I would say that for visualization purposes (and for traditional parametric second-level statistics) you are interested in the variance across your units-of-observation. In this case across subjects. This is indeed what ft_timelockgrandaverage gives you. If you are into more sophisticated estimates, it smells a bit as if you want to be moving into the direction of mixed-effect models, which are gaining quite a bit of momentum these days. Since I am a bit old-school I have not eaten any cheese from that (http://www.dwotd.nl/2008/02/360-daar-heb-ik-geen-kaas-van-gegeten.html), so perhaps somebody else wants to chime in here.

Best wishes,
Jan-Mathijs

On 26 Sep 2022, at 21:36, Sebastian Neudek via fieldtrip <fieldtrip at science.ru.nl<mailto:fieldtrip at science.ru.nl>> wrote:

Hi all,

I am currently writing my master's thesis using FieldTrip and might need a bit of your expertise for a little hurdle I encountered.

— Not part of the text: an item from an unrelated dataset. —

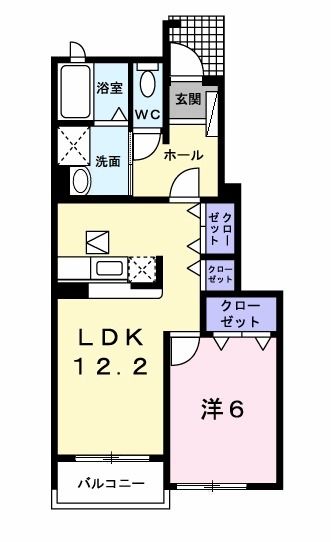 アロッジオ・ラッフィナートの間取り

First a few words about what I want to do:
I have data from a MEG-go/nogo study: There are multiple subjects and multiple trials for each condition. I now want to plot the ERF for each condition averaged across all subjects. But together with the ERF I also want to plot the  standard error or variance or confidence interval or standard deviation. Something like this(Figure 3a):
https://www.researchgate.net/figure/ERP-results-including-P3-amplitudes-a-Grand-average-and-standard-errors-of-ERP_fig2_327651209<https://urldefense.com/v3/__https://www.researchgate.net/figure/ERP-results-including-P3-amplitudes-a-Grand-average-and-standard-errors-of-ERP_fig2_327651209__;!!HJOPV4FYYWzcc1jazlU!4AKDCxWgDNOVGlWwimPV3Sc-5suVMj59sPhwC-eHwI7h0FQr10-YxE5fzliZsQft3R0I3s5Swpei12UfNPYgMdNHwshEvUe7t8p0Gw\$>
Independent which of these measures I finally use, I need to calculate the variance of the ERF at each timepoint.
To do this I first used ft_timelockanalysis to calculate the averages of each subject. ft_timelockanalysis returns not only the average, but also the variance of the ERF. Afterwards I use ft_timelockgrandaverage to calculate the group average of the ERF.

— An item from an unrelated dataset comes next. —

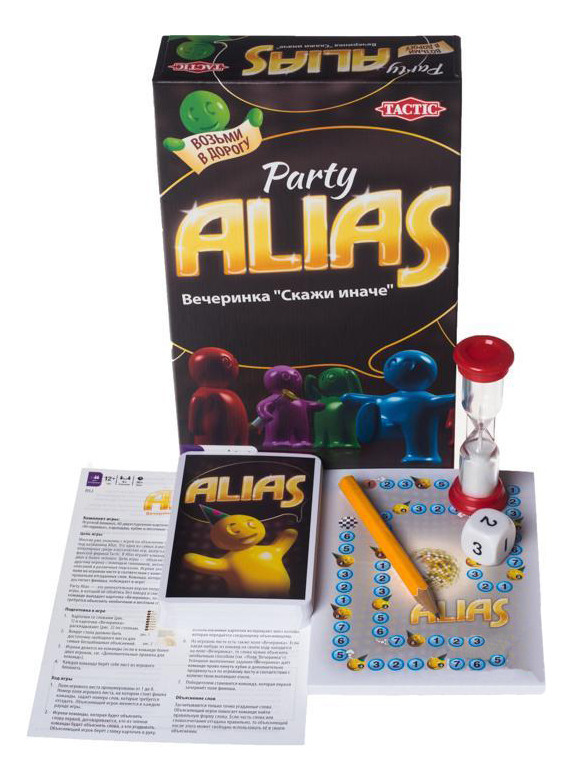 Купить Семейная настольная игра Tactic games Alias Party Travel 2,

And this is where my troubles begin. I get how ft_timelockgrandaverage calulates the new average: It averages over the mean values of the subjects (it also accounts for the degrees of freedom). But for the variance it just calculates the variance of the means. I thought, it will also account for the variances of each subject.
In the extreme case it leads to the following:
Imagine you have two subjects and you measure very close averages avg(sub1)=1 and avg(sub2)=1.0001. But their variances are extremly high: var(sub1)=var(sub2)=100. Then the variance calculated by ft_timelockgrandaverage is almost zero, when in reality it should be something like 100.
Maybe this should be noted in ft_timelockgrandaverage, because it can lead to wrong statistics if the user isn't aware of this effect.

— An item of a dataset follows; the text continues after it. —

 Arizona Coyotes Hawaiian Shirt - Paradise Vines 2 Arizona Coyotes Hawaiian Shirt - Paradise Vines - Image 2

This is surely not the variance I want to use for my ERF plots and therefore I searched for a different calculation.
I found on wikipedia a formula for so called 'pooled variance' (at the bottom of the page for sample-based statistics):
https://en.wikipedia.org/wiki/Pooled_variance<https://urldefense.com/v3/__https://en.wikipedia.org/wiki/Pooled_variance__;!!HJOPV4FYYWzcc1jazlU!4AKDCxWgDNOVGlWwimPV3Sc-5suVMj59sPhwC-eHwI7h0FQr10-YxE5fzliZsQft3R0I3s5Swpei12UfNPYgMdNHwshEvUeBLHOpZA\$>

But I am not 100% happy with this pooled variance.
First of all the deegrees of freedom is not accounted for. Then there is a different mean calculated than in ft_timelockgrandaverage: The mean is accounting for the number of trials for each subject. I don't know if the different mean is a pro or a con (On the one hand, means with a higher precisision because of a higher number of trials are weighted higher than means with a lower trial number. On the other hand, each subject on the group should be weighted same).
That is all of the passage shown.